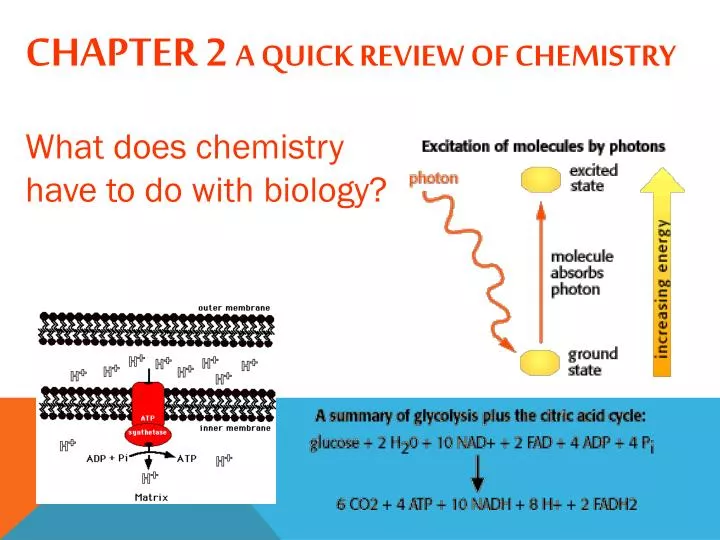 chapter 2 a quick review of chemistry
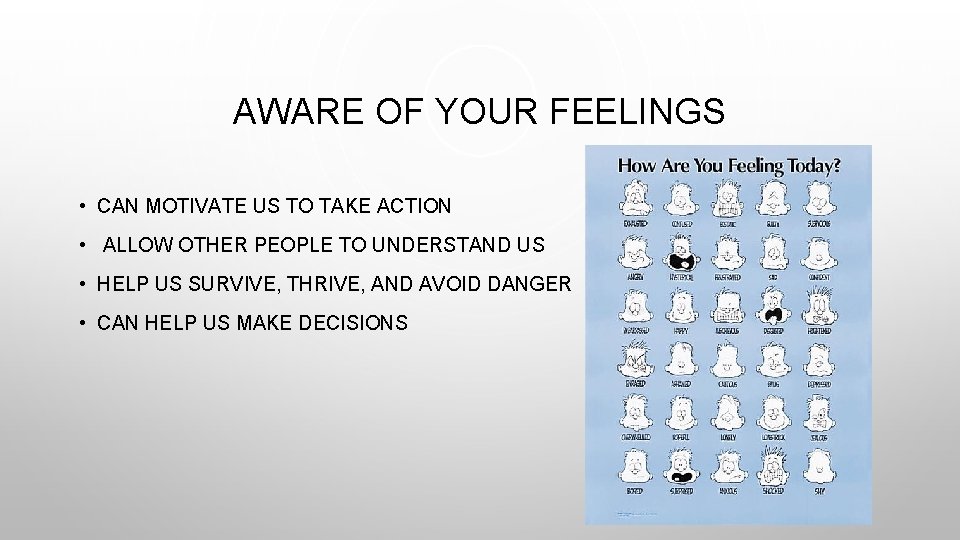 AWARE OF YOUR FEELINGS • CAN MOTIVATE US TO TAKE ACTION • ALLOW OTHER
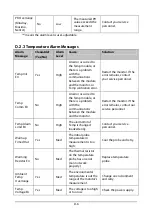 Preview for 178 page of Mindray VS-900 Operator'S Manual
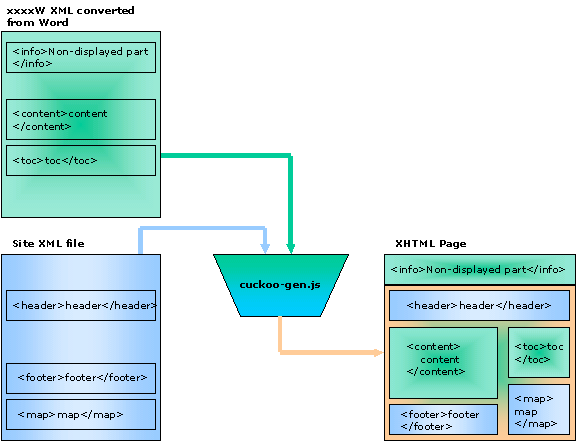 Batch generation using a WSH script, cuckoo-gen.js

**TASK DESCRIPTION**
From the line with "AWARE OF YOUR" to the last line of the material, both inclusive, set down every line exactly and nothing else; omit pictures.

**SOLUTION BELOW**
 AWARE OF YOUR FEELINGS • CAN MOTIVATE US TO TAKE ACTION • ALLOW OTHER
 Preview for 178 page of Mindray VS-900 Operator'S Manual
 Batch generation using a WSH script, cuckoo-gen.js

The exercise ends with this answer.